As every parent will tell you, its about boundaries. Children not only need boundaries, they constantly live within boundaries. If the boundaries outside of school (or in other classrooms, for that matter) are different to the boundaries you expect, then you have an immediate problem. Its no use expecting a kid to obey your classroom boundaries if the kid already lives outside them. It can be a bit like putting up a fence for your sheep when they're over the next hill enjoying their lunch. They're not going to put themselves inside your sparkly new fence, you're going to have to go and get them.

So you have to find out what they see as their limit. And the only way to do this is to observe and interact with the kid. If a kid swears at you it doesn't necessarily mean that they are behaving outside the boundaries set by others in their life. When this happens, just ask the kid, "Would you speak like that to your mother?" If the kid answers yes then you know that swearing is accepted in their home. If the kids says, "My mother swears worse than me," then you know swearing is definitely allowed in their home. Whether or not you agree with the way a child is reared has no impact on the reality of that child's life. It is not the teacher's role to rear the child, it is their job to get them in the classroom behaving in a manner which is conducive to learning.

You are now over the hill where the sheep are grazing.

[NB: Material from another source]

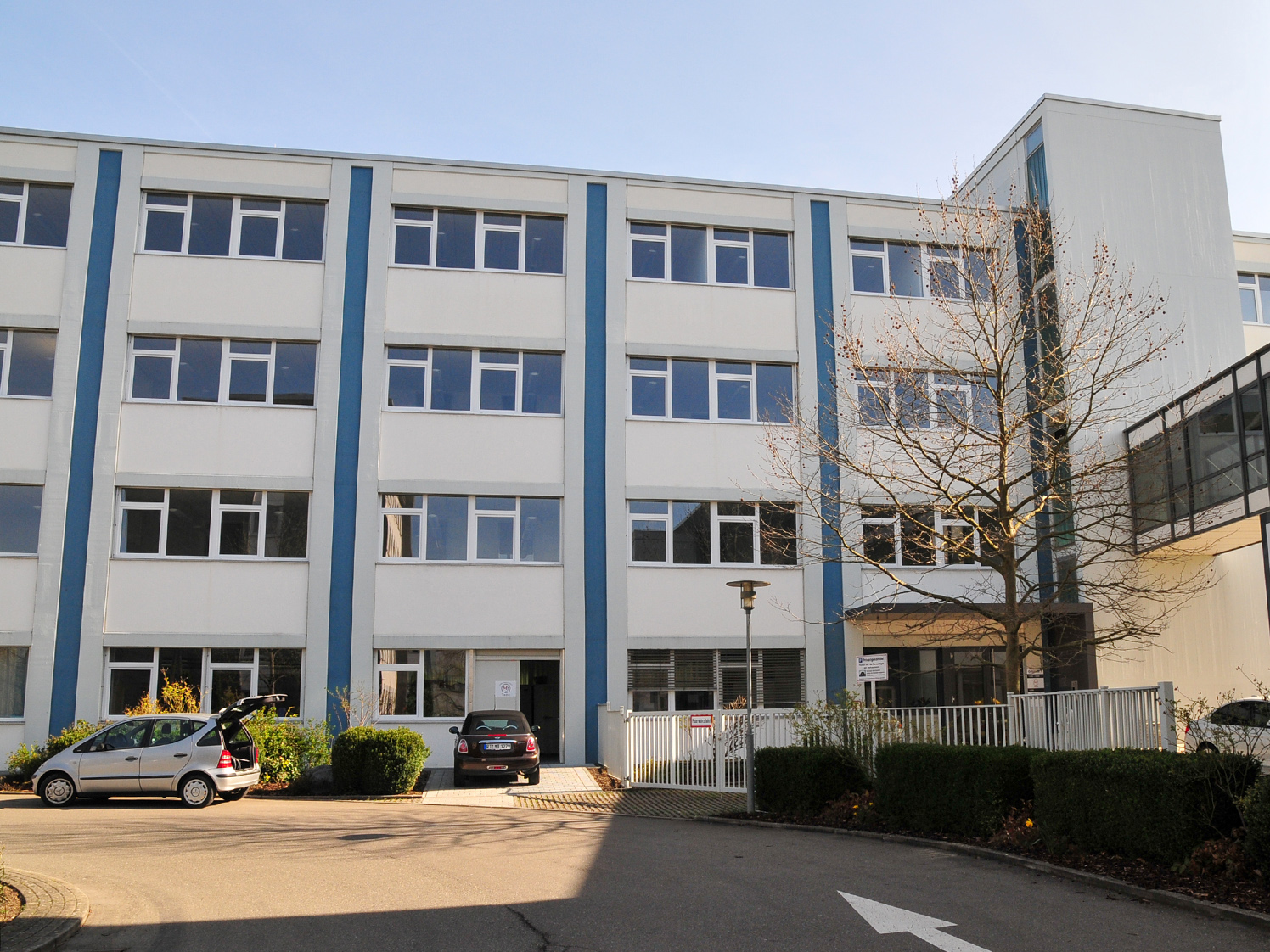 Gebäude und Zufahrt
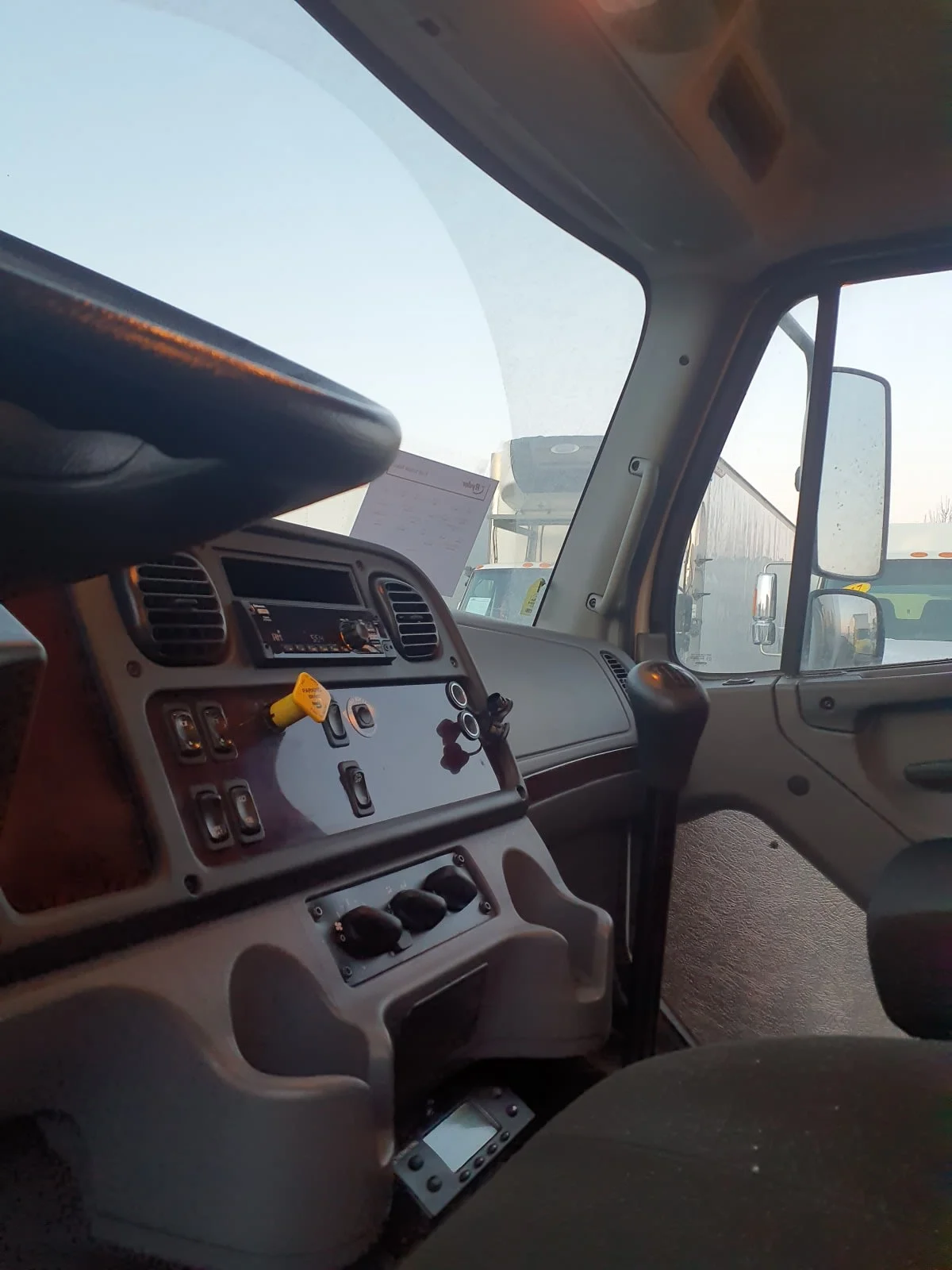 2019 Freightliner M2 106 - image 8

2. Tell them what you expect, give them respect, teach them how to learn

Finding their boundaries doesn't mean you don't have your classroom rules in place while you're finding these boundaries, you should always maintain a strong set behaviour expectations for all your students. Just don't expect every child to come to your classroom with the same set of rules in their heads. You will need to explain your expectations to them, as well as the consequences should they step outside them. Try not to compare your expectations with how they behave outside your classroom. A simple, "In my classroom I expect you to talk without swearing," is enough to set the boundary.

But its more than telling them, its also teaching them. Just like with the Assessment for Learning cycle, you've assessed what they know and can do (their boundaries), you know what knowledge and skills they need (your boundaries and how to function in the classroom), now you need to set activities for them that takes them from current knowledge and skills to new knowledge and skills.

Most of this teaching can be informal, mostly out in the playground, during sport or other places away from the classroom. You can cajole them, argue with them, even let them get away with behaviour you wouldn't allow in your classroom. At other times it can be whole class lessons on behaviour, so long as it is about how everyone should behave, not about that student's behaviour in particular. Some of the time it will be one on one outside the classroom, inside the classroom during detention, at the student's desk or at your desk.

Along the way they will keep testing your boundaries, much like sheep try to avoid being rounded up. But stay persistent, pull up their misbehaviour consistently and follow-up with consequences. Whenever they do as they're asked say thank you.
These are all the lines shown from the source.